Подумав, я понял -- нельзя требовать от человека, чтобы он воспринимал всё так же, как и ты. Каждый волен воспринимать события так, как научила его воспринимать такие события жизнь. И пытаться выразить это по своему. Редактор поняла всё по своему и пыталась по своему выразить, считая, что поступает правильно.

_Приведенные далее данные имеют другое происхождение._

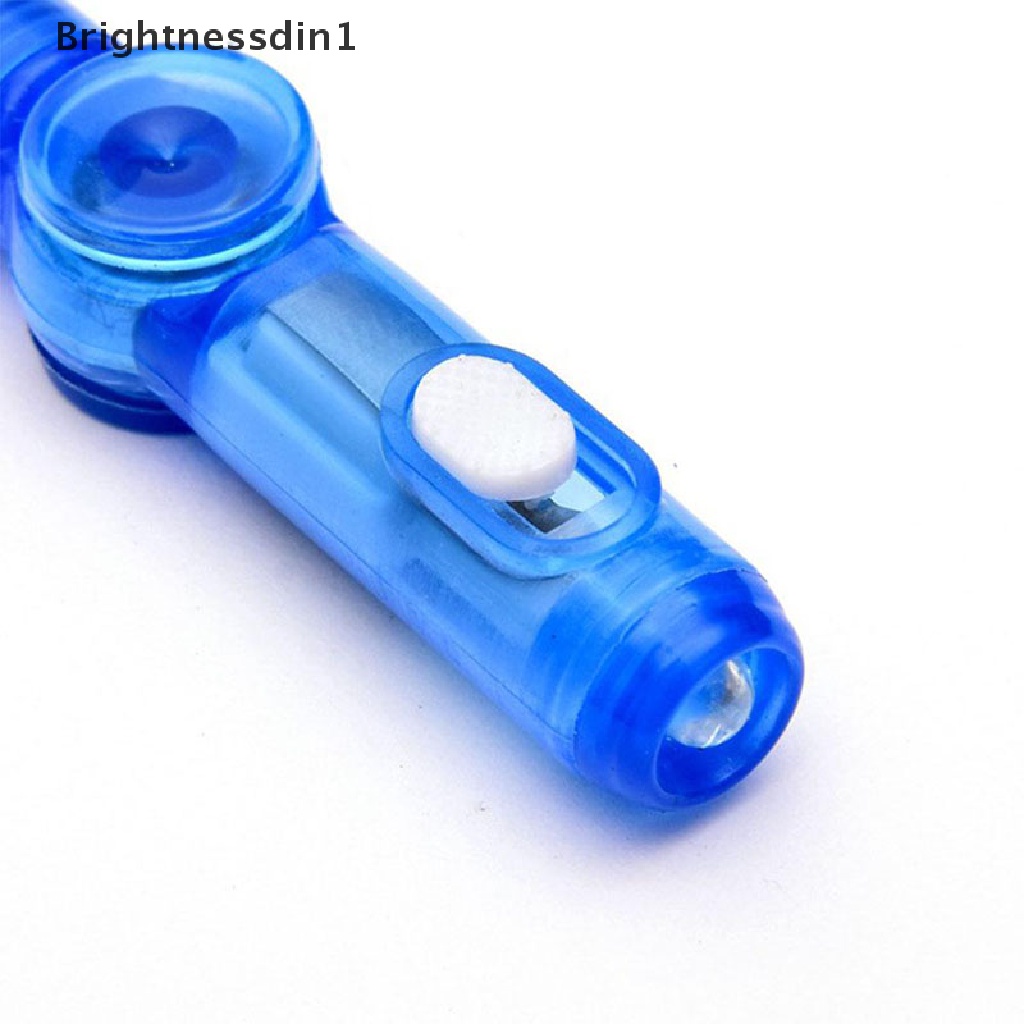 [Brightnessdin1] Baru 2in1 Tangan Spinner LED PEN Light Fidget Spin Autism Gyroscope Glow dark Boutique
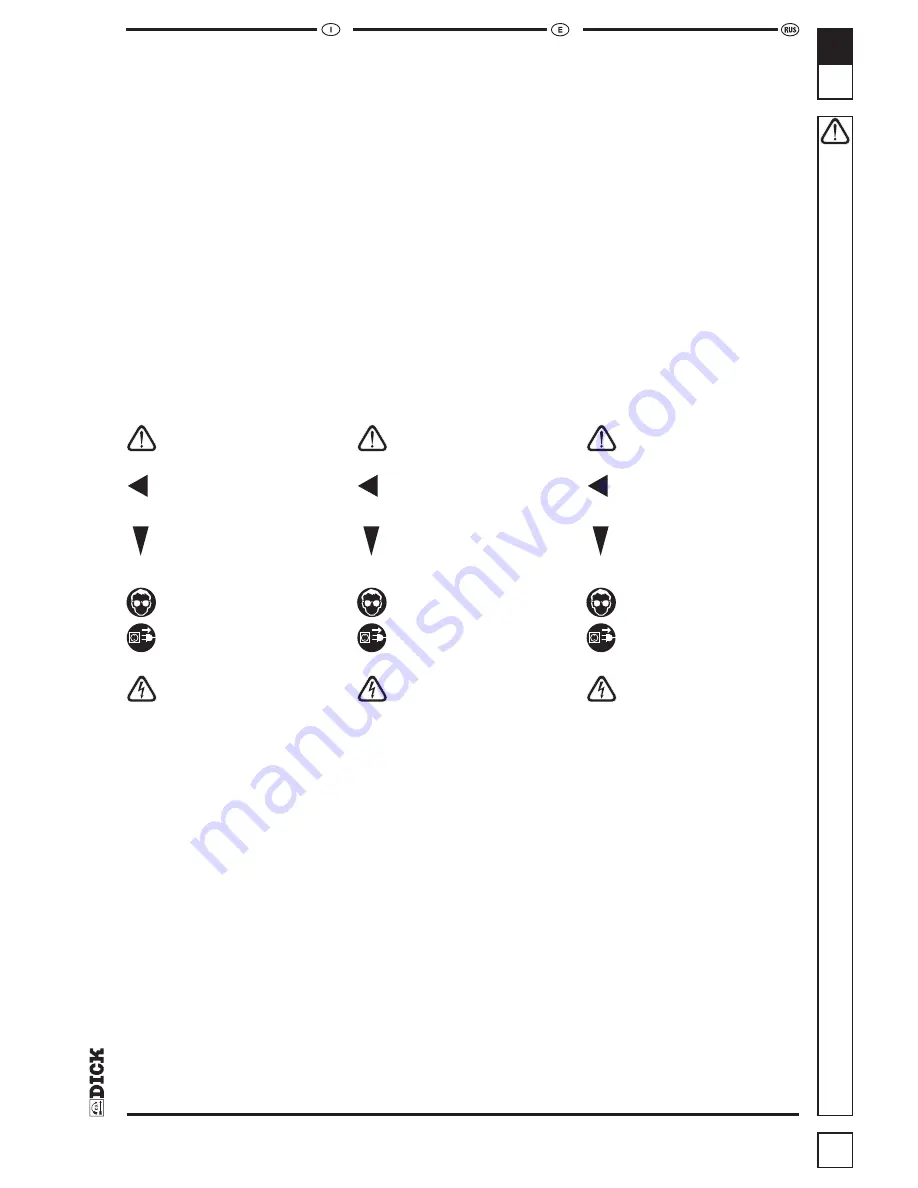 Dick KL-205 Operating Instructions Manual Download Page 9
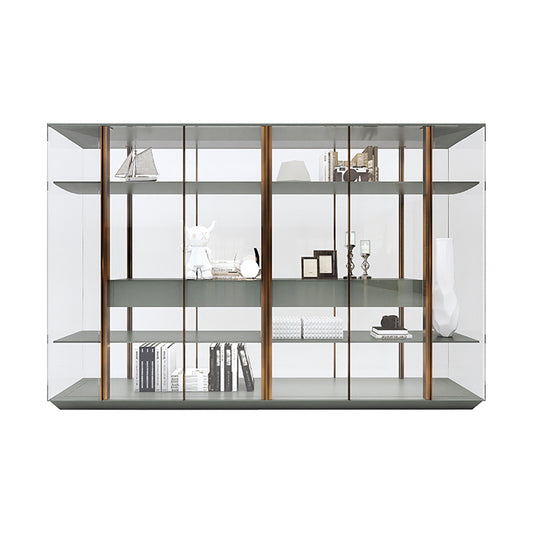 Modern Luxury Display Cabinets Custom Premium Bookshelves with Glass Design for Residential and Commercial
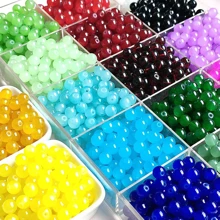 100pcs Multicolor 8mm/10mm Glass Gemstone Imitation Translucent Beads For Diy Making Bracelet Necklace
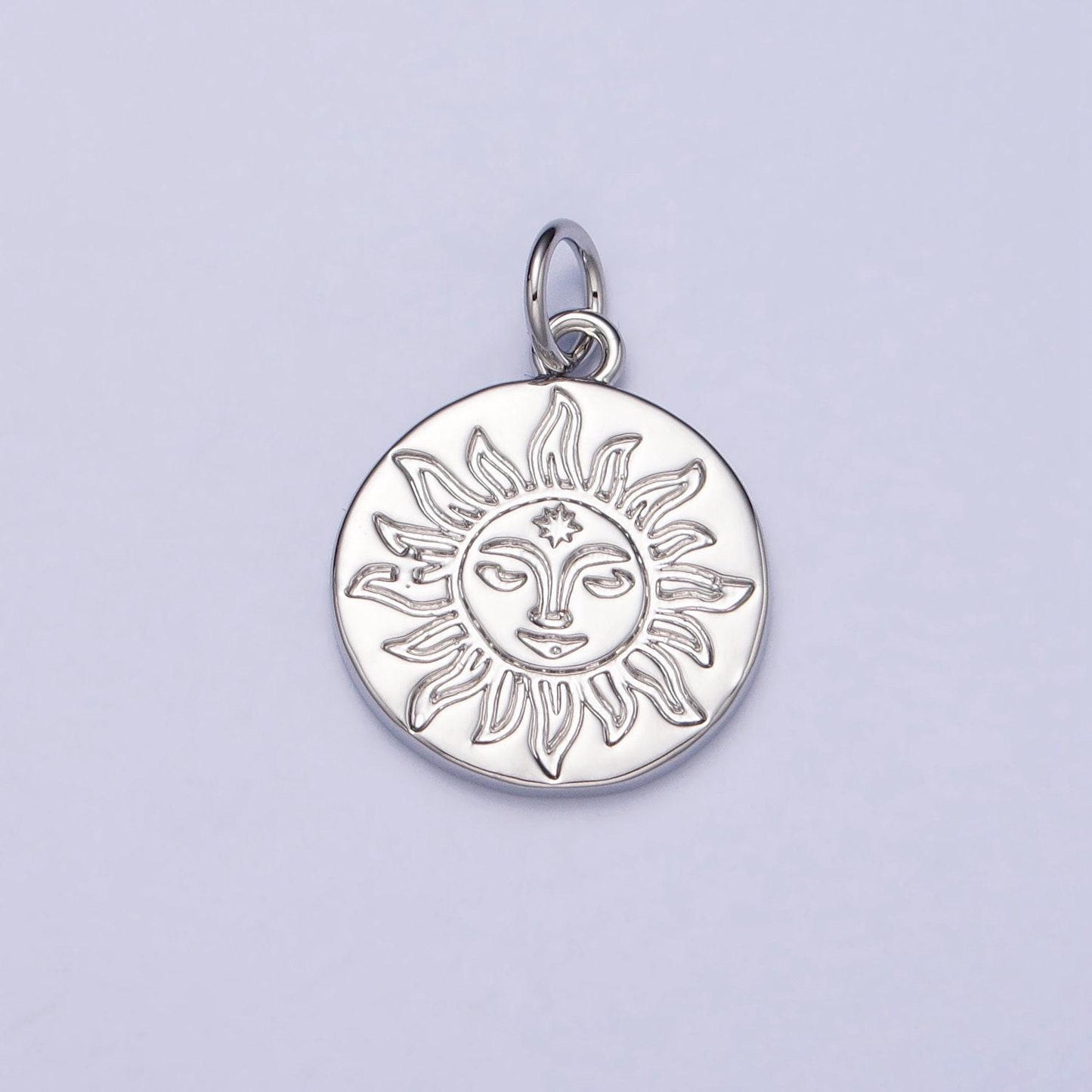 Gold sun charm dainty sun face charm pendant celestial charms, tribal sun charm yoga bohemian boho jewelry inspired supply ac658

Но правильно ли она поступила? Ведь я выразил все именно так, как легло это событие на мою душу, на мою совесть, на мою жизнь...
* * *
Тот день я до сих пор прекрасно помню - день детства своего... Я в лес пошел и цель искал, опробовать желая подаренное мне на день рожденья прекрасное воздушное ружье... Невдалеке, на остреньком пенечке, негромко пела маленькая птичка, как будто бы меня не замечая, танцуя под мелодию свою. Я выстрелил. Всплеснули звонко крылья, и вмиг исчезла маленькая птица. "Ну вот, - подумал я, - каков мазила, так близко - и не смог в нее попасть!" И, проклиная эту неудачу, пошел туда, где цель моя сидела. Но вдруг остановился, потрясен. Там, на траве, беспомощным комочком лежала мной застреленная птица, и был раскрыт, как будто в удивленьи, безжизненно расслабившийся клюв, -ему уже не петь! - и в небо взвиться уже не сможет маленькое тело. Она лежала тихо, неумело, - ей в жизни никогда не приходилось лежать вот так, спокойно, на земле. Заплакал я - задиристый мальчишка, что никогда от боли не заплачет, а может плакать только от обиды, - стоял и плакал, глядя на нее. И не могли никак объединиться в моем мозгу - застреленная птица и новое, блестящее ружье.